Truly random samples are incredibly difficult to come by, especially in the case of survey-based studies. The CSA study is not a random sample of all college females because it was conducted at only two universities. But even if researchers had been able to send their surveys to a random sample of college women across the country (or to every single woman in college in the U.S., for that matter), they would still have almost no chance of sampling a truly random subset of the population. This is because they have very little control over who actually responds to the email and takes their survey.

So, yes, the CSA sample isn’t a truly representative sample of the entire population of female college students. That doesn’t mean (as Yoffe implies) that we can’t learn anything from it. The field of statistics allows researchers to analyze data collected from a sample in order to learn something about a population. This is really good news, because if scientists had to measure every single individual in a population in order to learn something about that population, it would be completely impractical. We wouldn’t know anything about anything!

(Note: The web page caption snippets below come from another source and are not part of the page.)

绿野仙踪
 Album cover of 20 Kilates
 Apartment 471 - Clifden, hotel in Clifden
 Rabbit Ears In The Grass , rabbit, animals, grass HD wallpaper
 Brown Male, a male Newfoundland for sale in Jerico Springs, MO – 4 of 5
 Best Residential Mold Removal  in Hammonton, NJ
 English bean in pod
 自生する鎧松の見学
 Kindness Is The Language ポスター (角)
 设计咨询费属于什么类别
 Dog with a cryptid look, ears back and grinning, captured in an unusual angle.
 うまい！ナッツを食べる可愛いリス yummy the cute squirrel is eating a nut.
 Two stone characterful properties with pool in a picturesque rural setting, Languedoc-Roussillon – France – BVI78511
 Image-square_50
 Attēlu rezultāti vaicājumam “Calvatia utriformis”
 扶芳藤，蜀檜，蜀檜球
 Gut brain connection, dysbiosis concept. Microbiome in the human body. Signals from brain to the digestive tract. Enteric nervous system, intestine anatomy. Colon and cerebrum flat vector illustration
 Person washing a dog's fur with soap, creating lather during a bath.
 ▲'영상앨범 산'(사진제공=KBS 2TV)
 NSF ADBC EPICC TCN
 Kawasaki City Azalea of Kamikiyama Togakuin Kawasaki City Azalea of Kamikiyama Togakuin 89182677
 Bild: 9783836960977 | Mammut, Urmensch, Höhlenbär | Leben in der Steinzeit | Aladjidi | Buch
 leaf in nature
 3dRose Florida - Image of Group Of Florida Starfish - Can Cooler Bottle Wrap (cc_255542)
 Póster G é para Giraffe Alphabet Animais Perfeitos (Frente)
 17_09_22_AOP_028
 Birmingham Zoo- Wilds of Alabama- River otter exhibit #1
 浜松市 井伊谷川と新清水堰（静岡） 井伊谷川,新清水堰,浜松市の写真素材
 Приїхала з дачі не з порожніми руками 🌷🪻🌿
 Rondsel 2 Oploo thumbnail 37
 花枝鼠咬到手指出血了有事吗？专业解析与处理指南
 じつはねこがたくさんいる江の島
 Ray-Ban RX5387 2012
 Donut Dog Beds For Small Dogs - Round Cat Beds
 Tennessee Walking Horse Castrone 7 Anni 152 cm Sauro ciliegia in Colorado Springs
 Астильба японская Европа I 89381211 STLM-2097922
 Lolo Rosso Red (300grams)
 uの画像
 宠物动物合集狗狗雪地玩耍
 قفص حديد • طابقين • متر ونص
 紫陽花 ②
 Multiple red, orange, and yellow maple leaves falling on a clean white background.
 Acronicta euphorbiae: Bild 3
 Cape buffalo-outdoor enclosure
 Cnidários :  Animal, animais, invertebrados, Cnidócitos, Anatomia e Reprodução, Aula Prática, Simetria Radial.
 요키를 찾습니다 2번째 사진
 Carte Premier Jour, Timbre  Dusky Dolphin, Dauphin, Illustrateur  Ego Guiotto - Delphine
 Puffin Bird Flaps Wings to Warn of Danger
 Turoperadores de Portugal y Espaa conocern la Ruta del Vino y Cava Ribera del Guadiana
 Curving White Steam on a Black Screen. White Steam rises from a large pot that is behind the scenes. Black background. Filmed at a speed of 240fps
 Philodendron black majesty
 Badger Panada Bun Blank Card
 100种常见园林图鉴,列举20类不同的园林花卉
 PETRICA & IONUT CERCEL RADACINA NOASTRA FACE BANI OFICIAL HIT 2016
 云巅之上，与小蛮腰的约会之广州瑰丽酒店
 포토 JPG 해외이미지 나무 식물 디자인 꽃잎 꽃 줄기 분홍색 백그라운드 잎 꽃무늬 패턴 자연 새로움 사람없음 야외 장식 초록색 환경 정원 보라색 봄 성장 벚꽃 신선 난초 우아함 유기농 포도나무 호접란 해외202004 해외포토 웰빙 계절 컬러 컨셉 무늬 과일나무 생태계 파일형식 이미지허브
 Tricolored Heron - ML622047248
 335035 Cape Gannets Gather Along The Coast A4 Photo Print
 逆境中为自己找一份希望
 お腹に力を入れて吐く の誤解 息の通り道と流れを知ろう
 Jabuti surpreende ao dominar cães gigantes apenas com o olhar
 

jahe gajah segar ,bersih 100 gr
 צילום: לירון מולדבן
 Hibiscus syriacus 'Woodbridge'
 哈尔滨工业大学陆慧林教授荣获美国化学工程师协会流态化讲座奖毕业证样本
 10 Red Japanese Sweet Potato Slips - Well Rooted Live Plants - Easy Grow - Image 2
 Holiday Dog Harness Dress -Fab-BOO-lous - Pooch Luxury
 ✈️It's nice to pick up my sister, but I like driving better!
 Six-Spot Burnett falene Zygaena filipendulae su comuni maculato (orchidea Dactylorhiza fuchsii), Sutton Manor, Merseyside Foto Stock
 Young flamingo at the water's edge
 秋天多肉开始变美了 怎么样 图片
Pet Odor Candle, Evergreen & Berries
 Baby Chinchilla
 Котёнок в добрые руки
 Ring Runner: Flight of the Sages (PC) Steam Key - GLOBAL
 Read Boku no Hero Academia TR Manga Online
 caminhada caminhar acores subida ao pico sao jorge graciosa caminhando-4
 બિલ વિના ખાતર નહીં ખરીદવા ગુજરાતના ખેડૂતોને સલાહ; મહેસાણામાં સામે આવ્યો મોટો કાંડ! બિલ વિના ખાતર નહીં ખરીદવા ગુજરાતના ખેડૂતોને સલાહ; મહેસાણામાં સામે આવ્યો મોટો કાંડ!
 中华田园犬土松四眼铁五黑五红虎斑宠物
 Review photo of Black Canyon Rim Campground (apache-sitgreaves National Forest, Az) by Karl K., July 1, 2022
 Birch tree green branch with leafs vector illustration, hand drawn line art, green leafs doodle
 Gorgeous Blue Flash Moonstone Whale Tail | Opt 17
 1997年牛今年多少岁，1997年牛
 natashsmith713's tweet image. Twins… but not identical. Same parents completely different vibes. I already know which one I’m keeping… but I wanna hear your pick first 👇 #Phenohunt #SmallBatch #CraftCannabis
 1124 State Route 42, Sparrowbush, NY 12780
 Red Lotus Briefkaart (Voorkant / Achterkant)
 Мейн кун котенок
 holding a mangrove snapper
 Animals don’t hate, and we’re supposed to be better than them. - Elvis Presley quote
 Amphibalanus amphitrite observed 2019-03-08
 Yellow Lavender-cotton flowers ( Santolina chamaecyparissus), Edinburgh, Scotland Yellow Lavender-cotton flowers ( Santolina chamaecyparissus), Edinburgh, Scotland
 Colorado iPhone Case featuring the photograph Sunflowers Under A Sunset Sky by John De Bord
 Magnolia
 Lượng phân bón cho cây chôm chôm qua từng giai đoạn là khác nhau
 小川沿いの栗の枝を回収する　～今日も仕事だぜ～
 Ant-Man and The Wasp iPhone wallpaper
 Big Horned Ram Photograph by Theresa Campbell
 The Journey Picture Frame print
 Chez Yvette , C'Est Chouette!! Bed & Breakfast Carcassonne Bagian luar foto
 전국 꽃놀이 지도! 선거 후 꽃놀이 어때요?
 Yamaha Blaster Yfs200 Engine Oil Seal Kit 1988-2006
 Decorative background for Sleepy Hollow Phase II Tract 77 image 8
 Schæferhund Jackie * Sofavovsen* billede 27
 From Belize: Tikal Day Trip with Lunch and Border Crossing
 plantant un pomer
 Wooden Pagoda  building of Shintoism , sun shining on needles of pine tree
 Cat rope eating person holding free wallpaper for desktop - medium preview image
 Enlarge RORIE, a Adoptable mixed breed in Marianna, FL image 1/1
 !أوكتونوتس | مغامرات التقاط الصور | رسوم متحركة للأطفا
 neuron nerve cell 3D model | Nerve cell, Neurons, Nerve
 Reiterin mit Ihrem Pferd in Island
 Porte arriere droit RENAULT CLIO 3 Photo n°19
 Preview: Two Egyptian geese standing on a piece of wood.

Yoffe’s mission- to introduce “some healthy skepticism” to the discussion- is one that I respect. As a scientist, I support skepticism 100%. That being said, she didn’t do a very good job of it. There are much more productive ways to exercise skepticism in order to learn as much as possible from an existing body of research.

Step one for being a well-balanced skeptic of scientific research is to think about potential sources of bias in a study. Instead of dismissing the CSA study because the researchers couldn’t ensure completely random sampling of a population of 12 million women spread across the country, it is perhaps more productive to consider whether the researcher’s sampling design was likely to introduce bias in one direction or the other. For example, would you expect the incidence of sexual assault to be predictably higher/lower at the two universities surveyed in comparison with colleges throughout the rest of the country? If the answer is yes, it may not be appropriate to draw broad conclusions about the population from that study.

Second, it is important to be balanced in your consideration of the strengths and limitations of different studies. One of the most perplexing things about Yoffe’s article is that her skepticism seems completely one-sided. She attacks the CSA study for being unrepresentative, without exploring the representativeness of the other studies she mentioned in the article. Despite its limited sample size, the CSA might actually be a more representative sample than NCSV in some respects (depending on the population we are interested in learning about). It is unscientific to hold one study to a higher standard than another just because it doesn’t support your side of the story.

Articles like Yoffe’s purport to be less biased, but ultimately end up taking a flawed approach to interpreting the research in an effort to drive a point home. Science can help inform decisions about public policy, but only if approached in a scientific way. This means making an effort to understand the strengths and limitations of the studies we are considering, the reasons why we would expect studies to differ in their statistics, and the kinds of broader conclusions that are appropriate to draw from the data currently available. Otherwise, when it comes to discussing the science, we run the risk of making about as much sense as GOB Bluth.